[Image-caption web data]
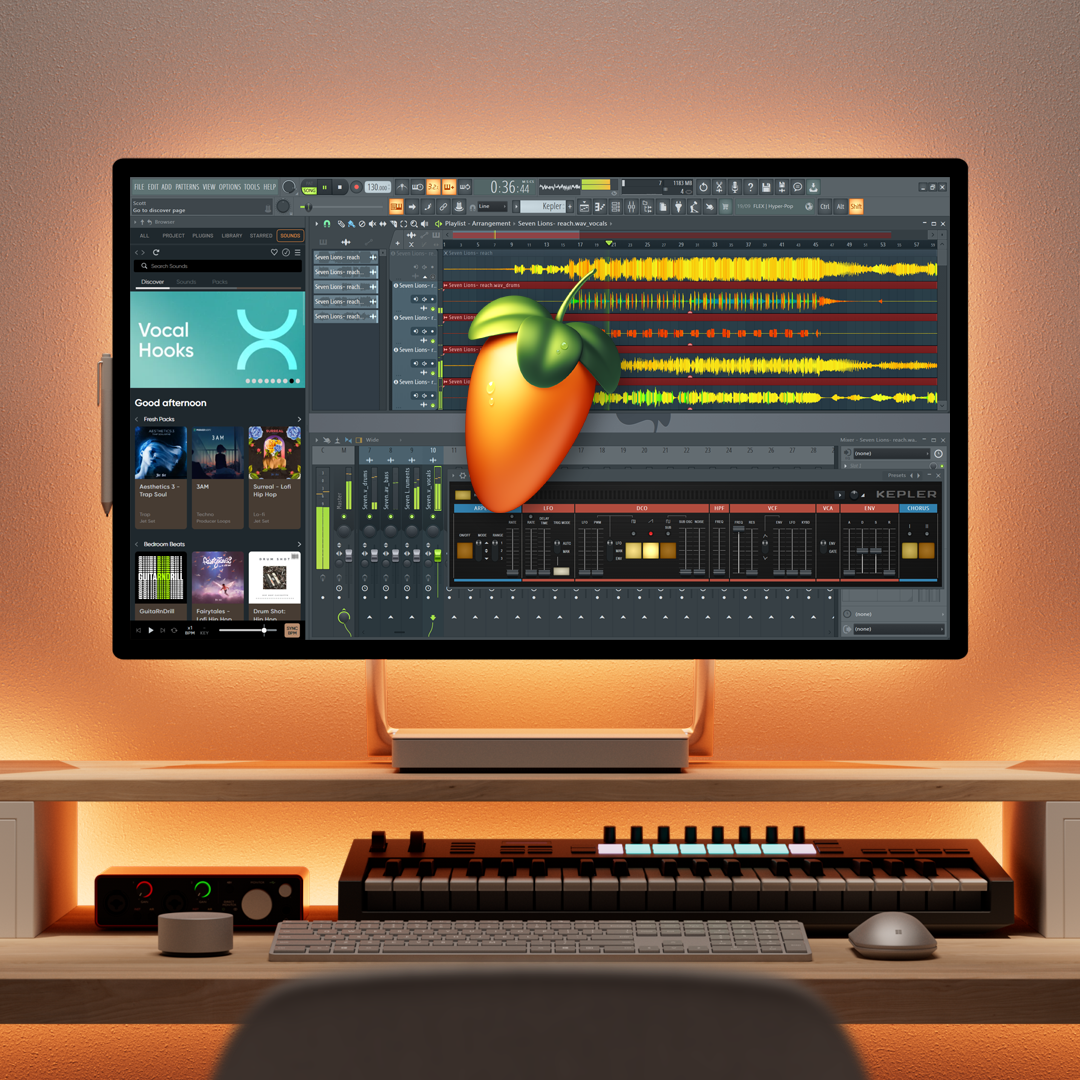 A music production workstation with a computer monitor displaying digital audio workstations, a large digital fruit logo in the center, and various music production tools on the desk.
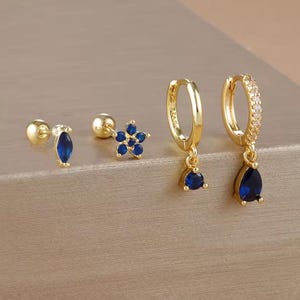 Könnte beinhalten: Eine Sammlung goldfarbener Ohrringe mit blauen Edelsteinakzenten. Das Set umfasst Ohrstecker mit Tropfen- und Blumenmuster sowie Creolen mit einem Tropfenanhänger. Die Ohrringe werden auf einer neutralen Oberfläche präsentiert.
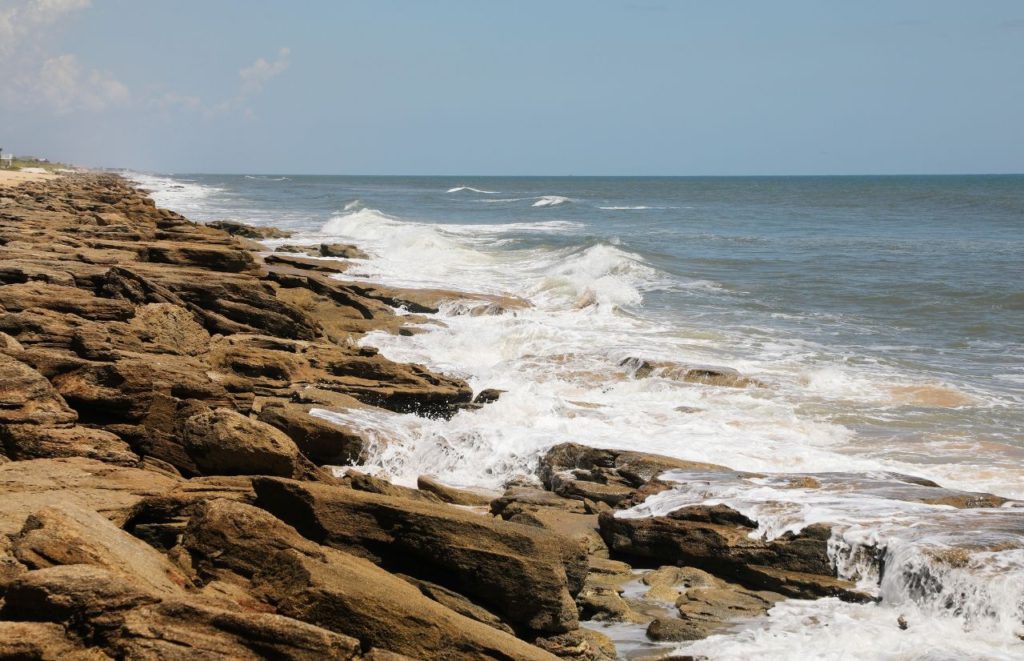 Rocky area of Flagler Beach on the Atlantic Ocean in Florida. Keep reading to discover where are the best beaches near Gainesville. 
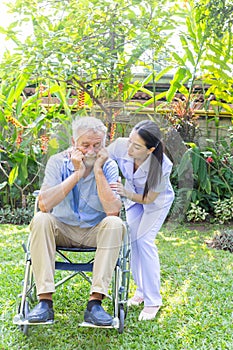 Nurse take care a depressed thoughtful senior retirement man on his wheelchair in a garden in his home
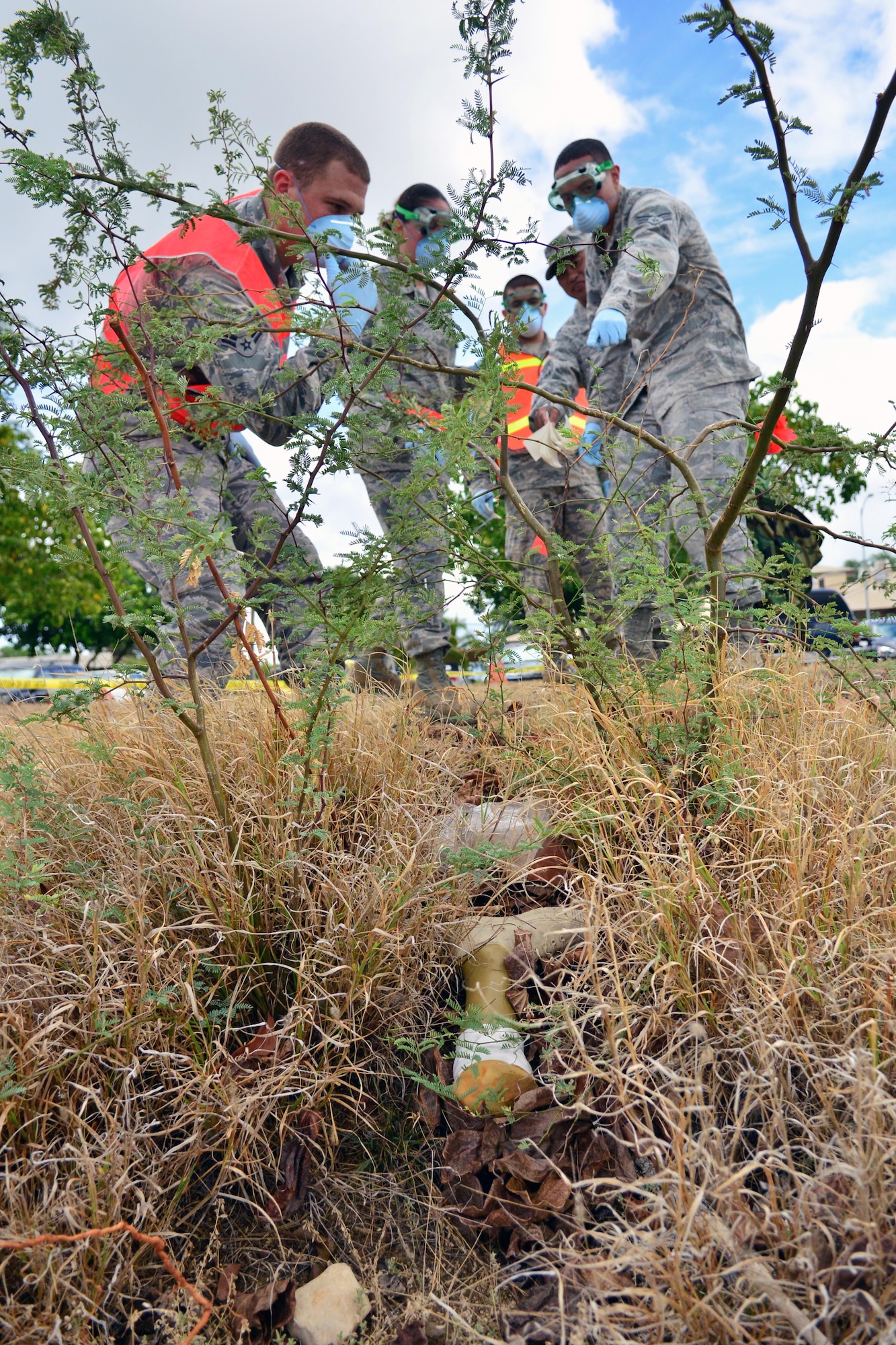 Search and recovery team members discover a "leg" during a recent training exercise held Sept. 26 on Hickam Beach. The purpose of the search and recovery team is to respond to military-related incidents on base, including military vehicle, aircraft mishap and mass casualty incidents, if and when they occur. (U.S. Air Force photo by Senior Airman Christopher Stoltz)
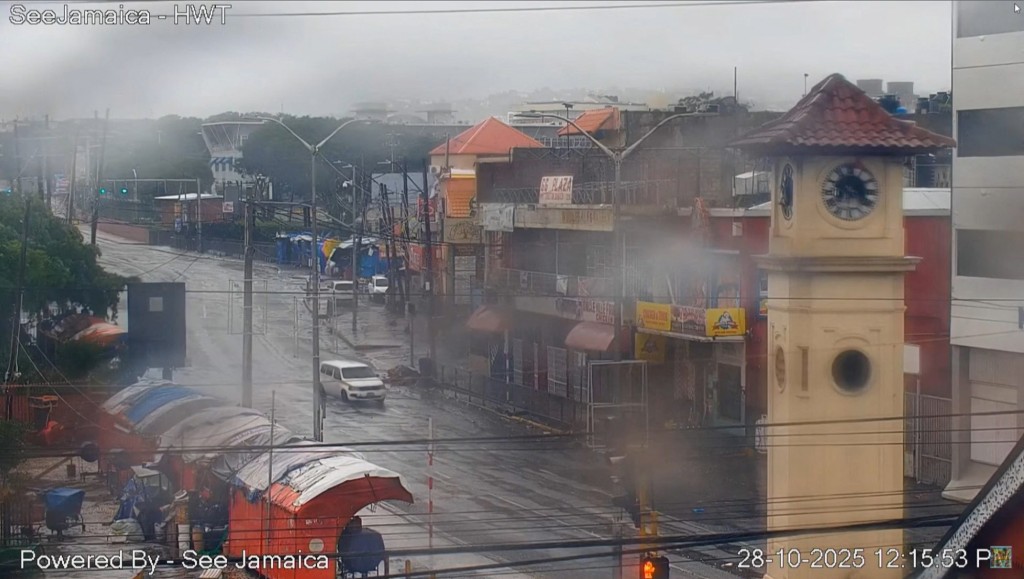 Photo by HANDOUT / SEE JAMAICA / AFP  Video grab courtesy of a SeeJamaica CCTV camera shows downtown Kingston on October 28, 2025 as Hurricane Melissa makes landfall in Jamaica.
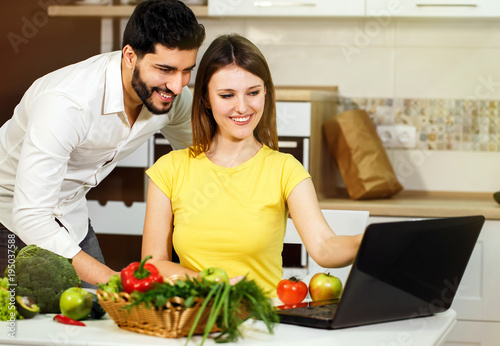 Lovely family couple spending evening together, smiling woman slicing cucumber, happy man standing nearby, using laptop and having pleasant conversation at the table with fresh green vegetables and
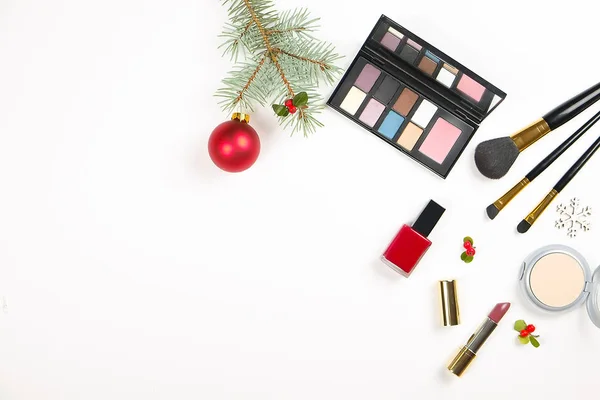 Make up set cosmetic with christmas decoration on white background flat lay — Stock Photo, Image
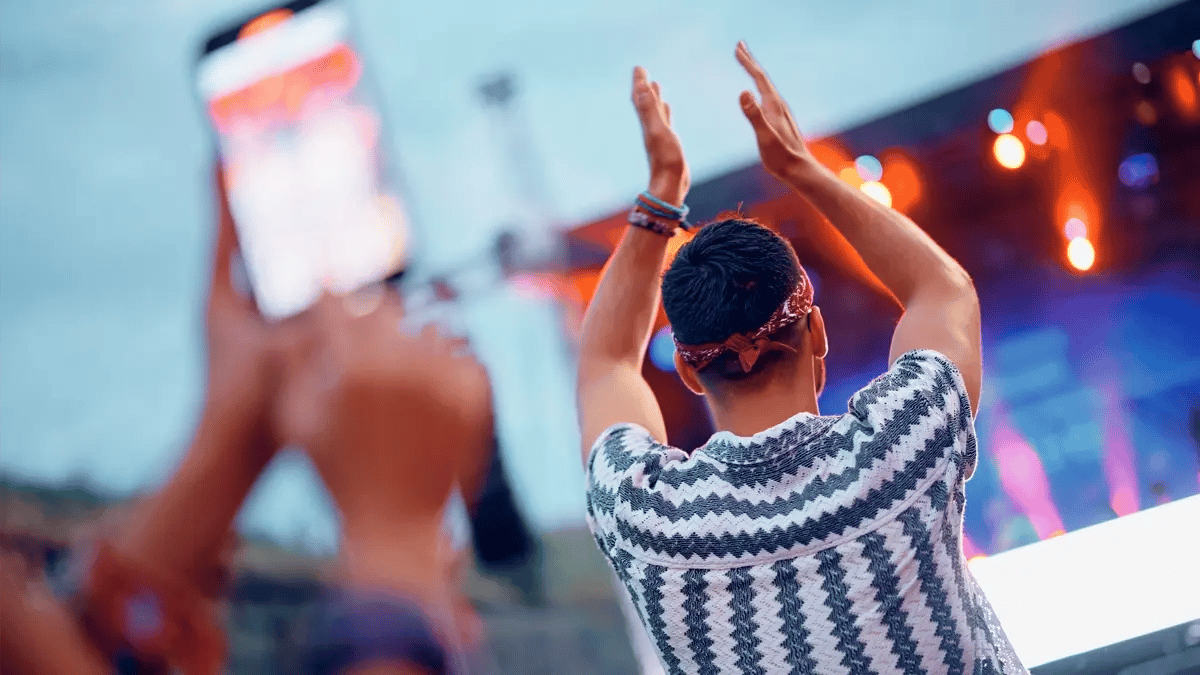 A man clapping with his hands up at a concert. Photo is taken from behind.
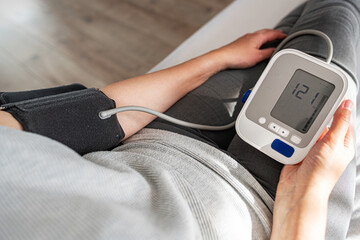 A person checks their blood pressure using a digital monitor while sitting indoors, highlighting a...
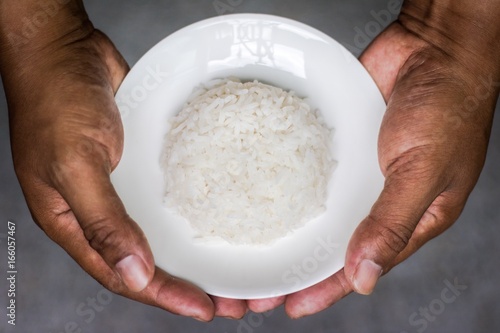 Rice and dish on both hands.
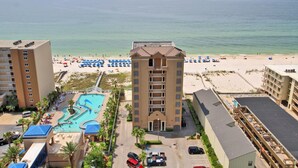 Un hôtel doté d’une piscine, d’un accès à la plage et de plusieurs balcons.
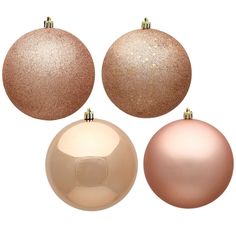 three gold and two white christmas ornaments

▶ **Instructions to follow**
Although the records above include pictures, the copy must contain only their exact text.

▶ **Problem solution**
 A music production workstation with a computer monitor displaying digital audio workstations, a large digital fruit logo in the center, and various music production tools on the desk.
 Könnte beinhalten: Eine Sammlung goldfarbener Ohrringe mit blauen Edelsteinakzenten. Das Set umfasst Ohrstecker mit Tropfen- und Blumenmuster sowie Creolen mit einem Tropfenanhänger. Die Ohrringe werden auf einer neutralen Oberfläche präsentiert.
 Rocky area of Flagler Beach on the Atlantic Ocean in Florida. Keep reading to discover where are the best beaches near Gainesville. 
 Nurse take care a depressed thoughtful senior retirement man on his wheelchair in a garden in his home
 Search and recovery team members discover a "leg" during a recent training exercise held Sept. 26 on Hickam Beach. The purpose of the search and recovery team is to respond to military-related incidents on base, including military vehicle, aircraft mishap and mass casualty incidents, if and when they occur. (U.S. Air Force photo by Senior Airman Christopher Stoltz)
 Photo by HANDOUT / SEE JAMAICA / AFP  Video grab courtesy of a SeeJamaica CCTV camera shows downtown Kingston on October 28, 2025 as Hurricane Melissa makes landfall in Jamaica.
 Lovely family couple spending evening together, smiling woman slicing cucumber, happy man standing nearby, using laptop and having pleasant conversation at the table with fresh green vegetables and
 Make up set cosmetic with christmas decoration on white background flat lay — Stock Photo, Image
 A man clapping with his hands up at a concert. Photo is taken from behind.
 A person checks their blood pressure using a digital monitor while sitting indoors, highlighting a...
 Rice and dish on both hands.
 Un hôtel doté d’une piscine, d’un accès à la plage et de plusieurs balcons.
 three gold and two white christmas ornaments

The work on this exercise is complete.